More than 500 Venezuelans have regularized their status in Panama in 2022 (242 in January and 345 in February).
Meanwhile, at least 215 Venezuelans returned to their country during the first two months of the year, according to official figures of Migración Panamá.

The Migratory Authority suspended the validity of all applications for Extensions and Permanent Residences regulated by Executive Decree No. 235 until 30 April 2022. As of 1 May 2022, all applications will be processed through the regular channels; likewise, the validity of all Extraordinary and General Migratory Regularization permits is extended from 1 July 2021 until 30 April 2022.

Costa Rica

On 21 February, Costa Rica introduced entry visa requirements for Venezuelan nationals (Executive Decree No. 36626-G). To apply for a visa, Venezuelans must submit the application at an Embassy of Costa Rica prior to entering the country. Exceptions are made only in cases of emergency or force majeure. In addition, a new requirement for a transit visa was also introduced for Venezuelan, Cuban and Nicaraguan nationals.

Venezuelan nationals who have legal residence in Costa Rica as refugees or stateless persons, if they depart the country, must obtain the consulted entry visa in order to return. Those whose asylum requests are still processing, need a permit from the Migration Authority to be exempt from this requirement; if not, they must obtain a visa to return to Costa Rica when travelling.

Mexico

According to Mexican Government data on immigration procedures for Venezuelan nationals (including requests for humanitarian visas), 2,578 such procedures were initiated in January, most in Mexico City. The Mexican Migration Institute (INM) reported through the national transparency portal that a total of 3,578 Venezuelan nationals arrived to the country by air in February, a sharp drop from the 27,835 who arrived by air in January, prior to the imposition of a visa requirement for Venezuelans to enter Mexico effective on 21 January.
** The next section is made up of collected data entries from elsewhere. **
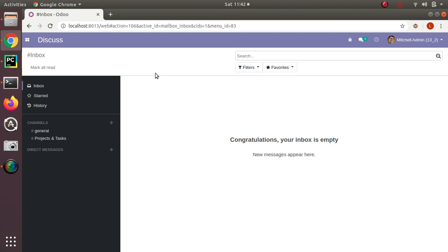We will start with the web client. This is the private web application where we can view or edit the data inside Odoo. An example will be the backend form view. The content will be updated or fetched only when it is needed — that means it is not dynamically reloaded.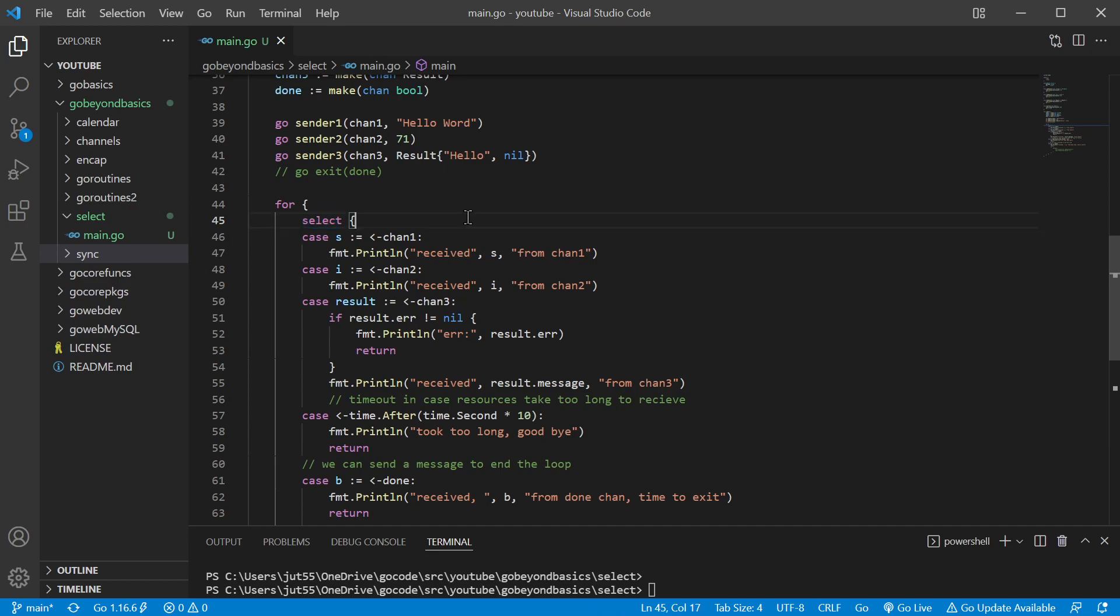The select statement looks pretty similar to the switch statement. A switch statement would have, after the keyword, a value behind it which it would try and match up with one of the cases.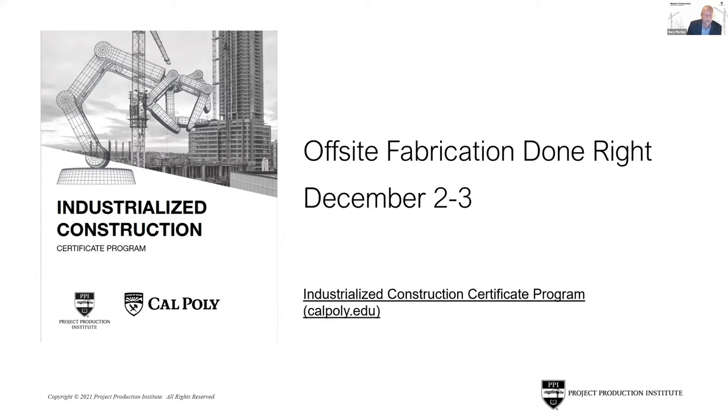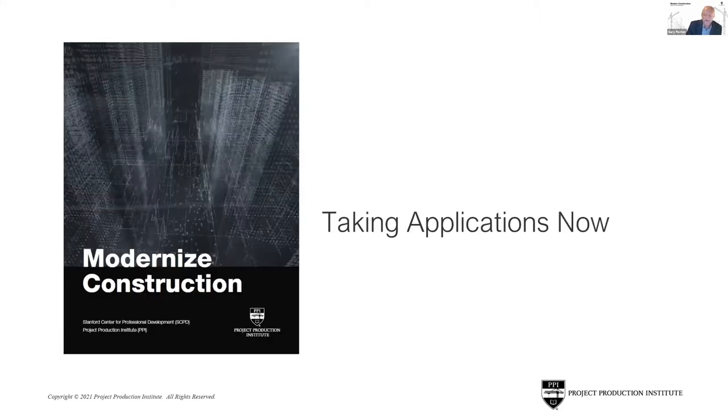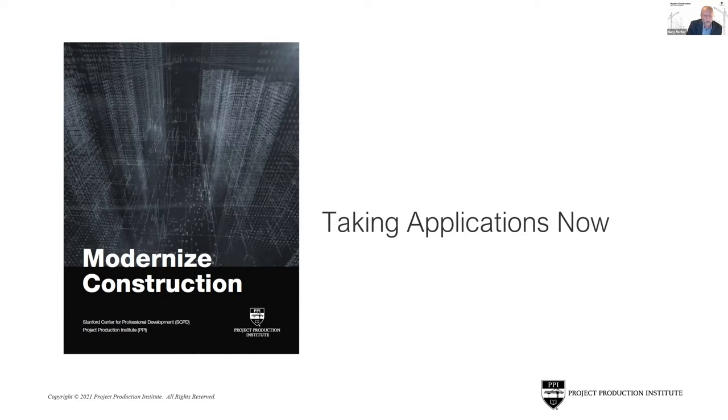Again, look forward to our announcement on reimagining project management, March 2022. And again, like Todd said, we're taking applications now. We're going to pick two. We're going to start with that. So if your company has a desire to leap product competition and not let robotics put you out of business being used by your competitor, sign up for this.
U.S. Customs and Border Protection (CBP) registered 3,073 encounters with Venezuelan nationals attempting to enter the country via the U.S. Southwest land border with Mexico in the month of February, representing a substantial drop from the 22,779 encounters registered in January 2022, also after initiation of the visa requirement. These numbers include encounters between and at ports of entry. They also represent instances of attempted entry to the U.S., and not the number of individuals arriving, as an individual may attempt to cross the border multiple times. Current recidivism rates remain at around 25%.

The introduction of the visa requirement brought significant challenges for Venezuelans who tried to enter Mexico, resulting in sharply reduced arrivals by air, and greater numbers of Venezuelans arriving by land via the border with Guatemala. A total of 619 asylum applications were registered in Tapachula (Chiapas) in the month of February which represents an exponential increase from the 58 claims registered in January, before the visa requirement came into force. In February, R4V partners did not report assisting any asylum-seekers at Mexico City's International Airport.

Meanwhile, partners reported receiving requests for information from Venezuelans who needed to leave Venezuela but could not travel to Mexico due to the absence of a visa. The difficulties of family reunification are anticipated to increase notably due to this situation. Apoyo a Migrantes, a Venezuelan activist group, challenged the visa requirement for Venezuelan nationals.

In the beginning of February, local media reported multiple protests of asylum-seekers and migrants that took place in Tapachula, near the Mexican border with Guatemala. A group of 20 asylum-seekers and migrants, including Venezuelans, started a hunger strike to pressure Mexican authorities to attend to their cases. The following day, media outlets reported asylum-seekers and migrants sewing their mouths shut in protest for not being allowed to transit through Mexico to reach the United States. As an additional form of protest, asylum-seekers and migrants placed chains around their bodies and demanded that Mexican immigration authorities provide them with transit documents. The Mexican Human Rights Commission (CNDH) asked national immigration authorities such as the National Migration Institute (INM) and the Mexican Commission for Refugee Assistance (COMAR) to implement precautionary measures to safeguard the rights of refugees and migrants who take part in demonstrations in Tapachula.

R4V partners also learned of Venezuelans with regular status in Mexico who were detained by the INM while on internal flights.